За последние три года, будучи журналистом, он вёл активную политическую полемику и нажил себе немало врагов. Консерваторов он не любил, потому что они оправдывали империализм и фашизм. А большинство левых превозносили сталинский СССР. И те, и другие отвечали ему взаимной неприязнью. Однако мало кто и из них отправился защищать свои взгляды на войну. А Оруэлл отправился.
Поначалу он был в восторге от того, что увидел в стане республиканцев. В письме своему школьному другу Сириллу Конноли он пишет: «впервые по-настоящему поверил в социализм». В добровольческих отрядах собрались сотни волонтёров из десятков стран. Она наравне делили тяготы армейской службы, вели общий скромный быт и одинаково верили, что общество не должно угнетать отдельного человека. Ради этой веры они и сражались.

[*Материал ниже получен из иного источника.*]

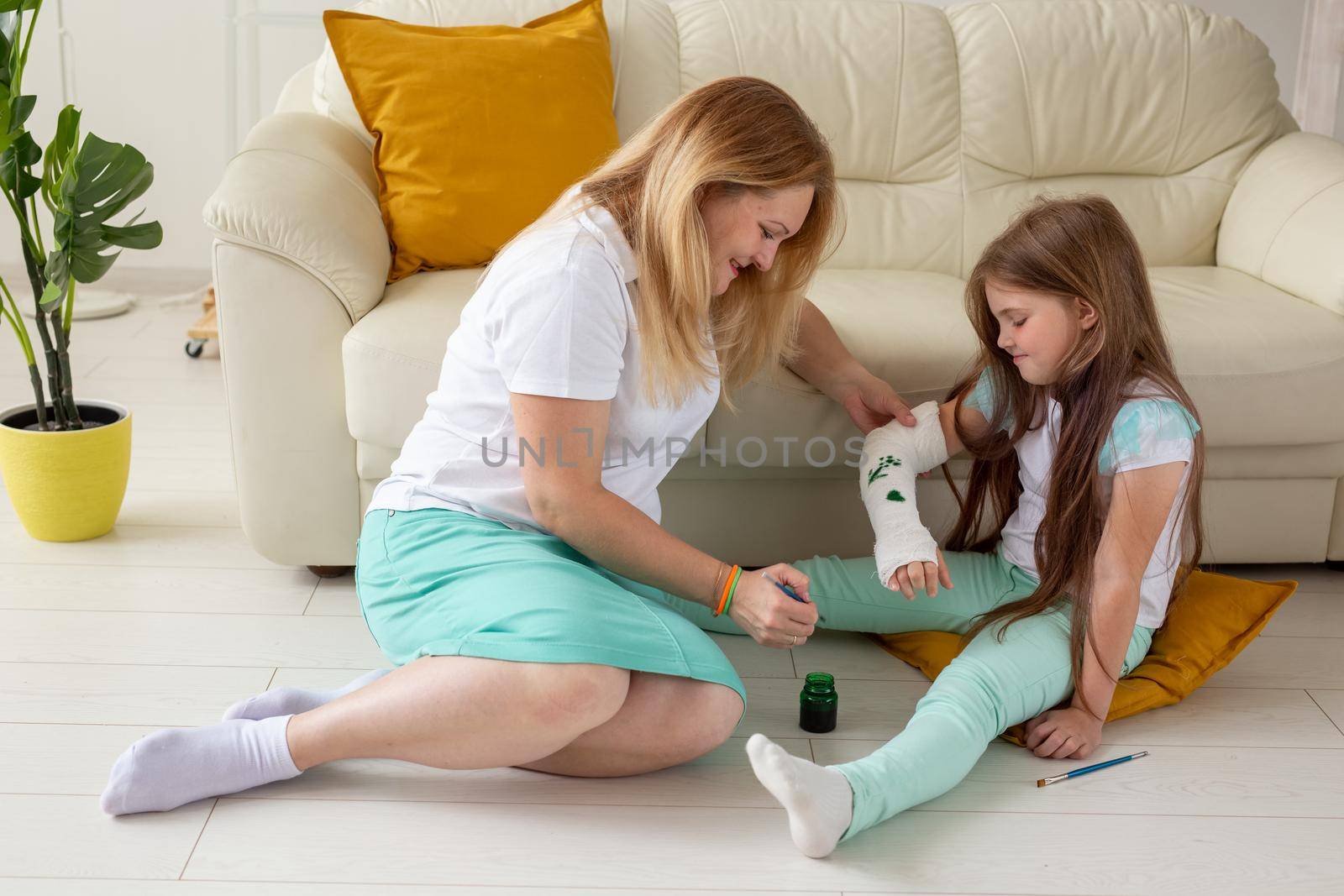 Mother and daughter drawing picture on bandage using paints. Play therapy concept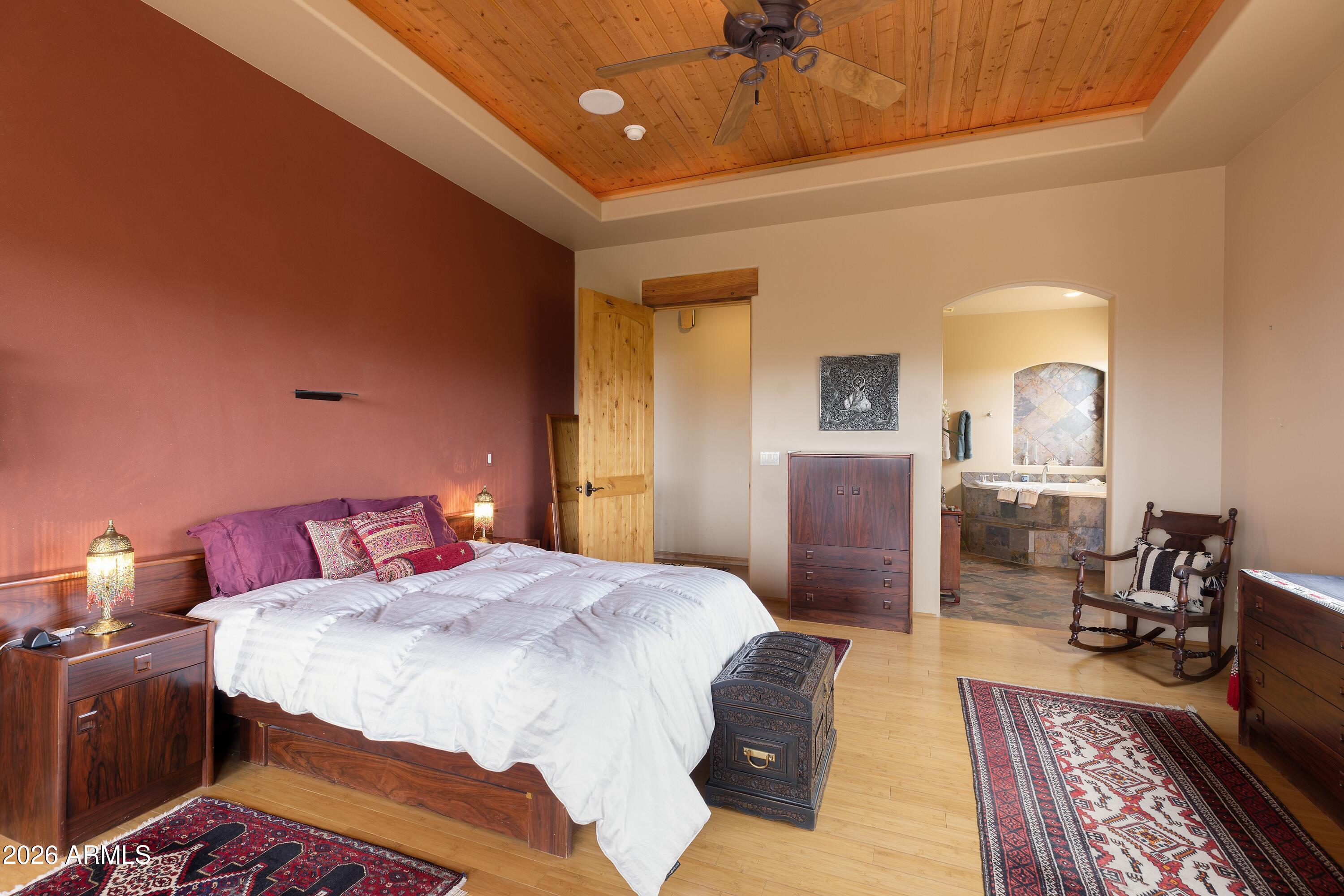 13906 East Montello Road Scottsdale, AZ 85262 - Photo 31 of 110 a spacious bedroom with a bed a chandelier and a rug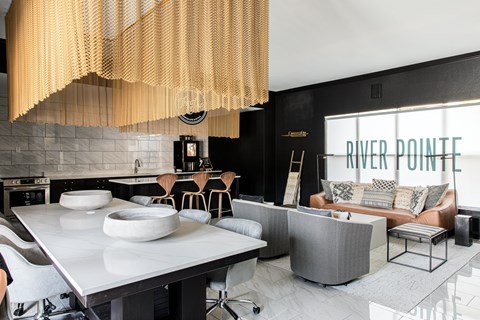 a kitchen and living room with black walls and white tiles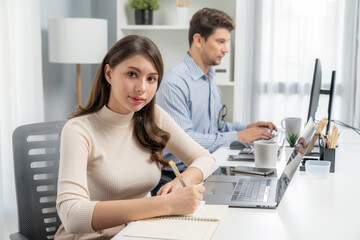 Wall Mural - Smiling beautiful woman taking crucial note on paperwork, looking at camera photo shooting portrait business pose profile while working with smart coworker at modern office at morning time. Postulate.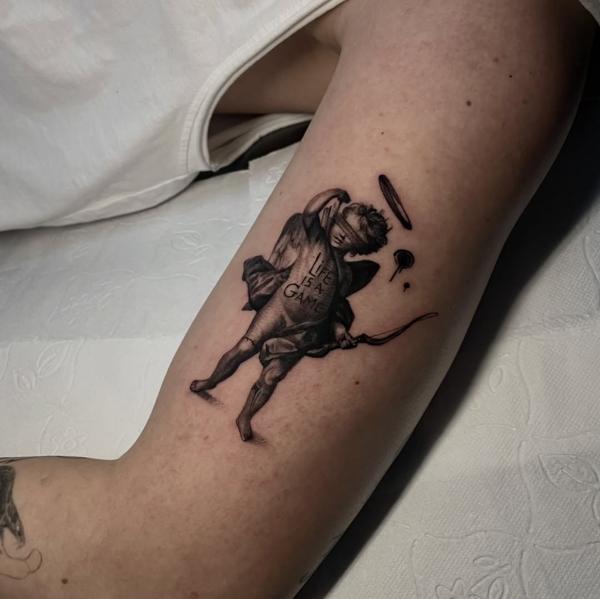 Blackwork blindfolded cherub tattoo by @painciler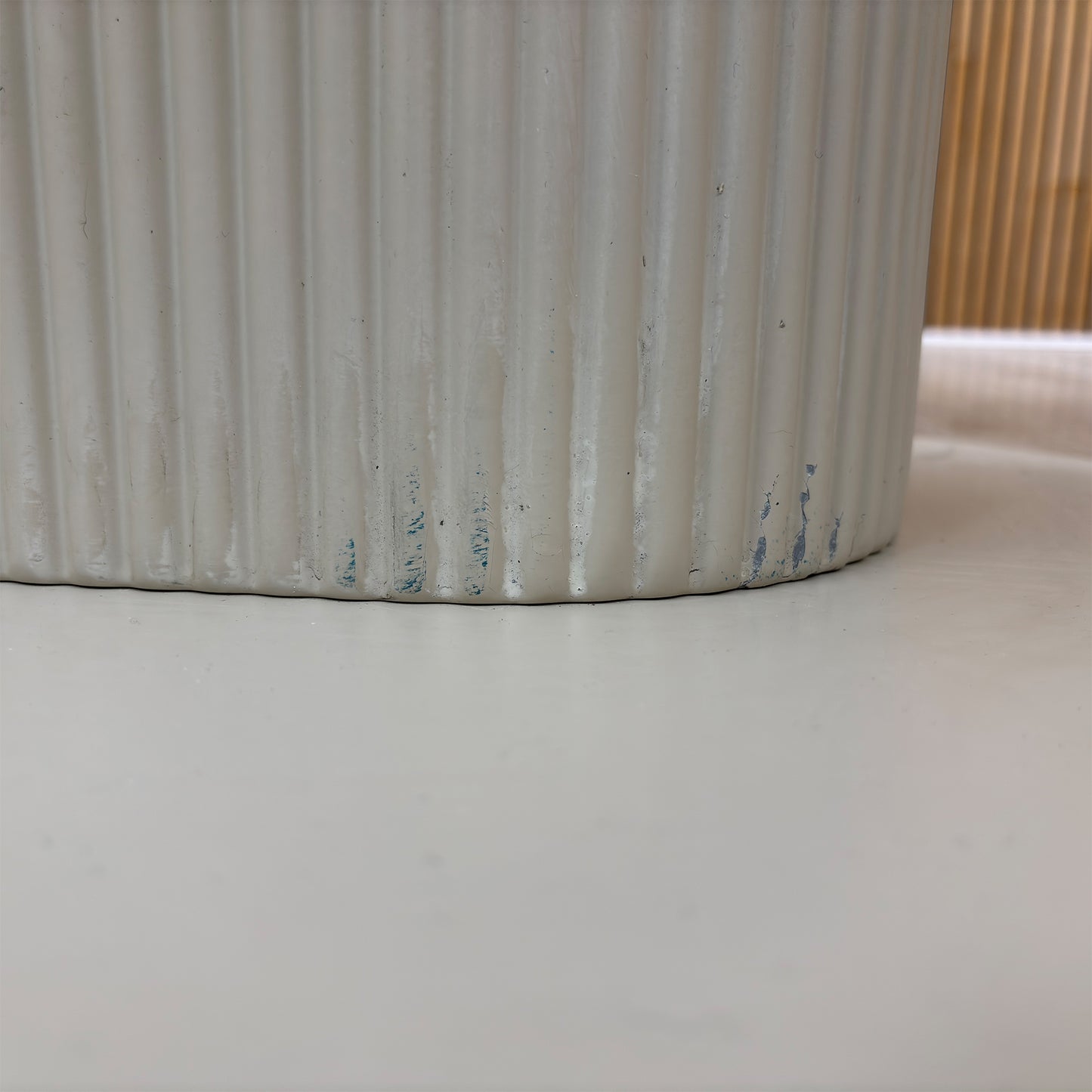 Detailed view of the modern architectural pedestal base on the Avorio ceramic dining table. Highlights the heavy-duty fluted or ribbed column support frame and the sleek matching floor-anchoring base plate.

Однако POUM были анархистами. И официальное республиканское правительство видело в нём угрозу. Руководителей партии начали постепенно отжимать от руководящих постов, а военные отряды тем или иным способом старались ослабить. Одновременно закрутилось и колесо пропаганды, которая стала обвинять анархистов во всяческих грехах, и в первую очередь — в тайной работе на Франко.
Наши главные враги — фашисты. Однако в их число входят не только сами фашисты, но и работающие на них агенты […] Некоторые из них называют себя троцкистами — это имя замаскировавшихся фашистов, которые пользуются языком революции для того, чтобы породить путаницу. Я спрашиваю, если все это знают, если правительство это знает, почему же с ними не обращаются как с фашистами и не уничтожают их беспощадно?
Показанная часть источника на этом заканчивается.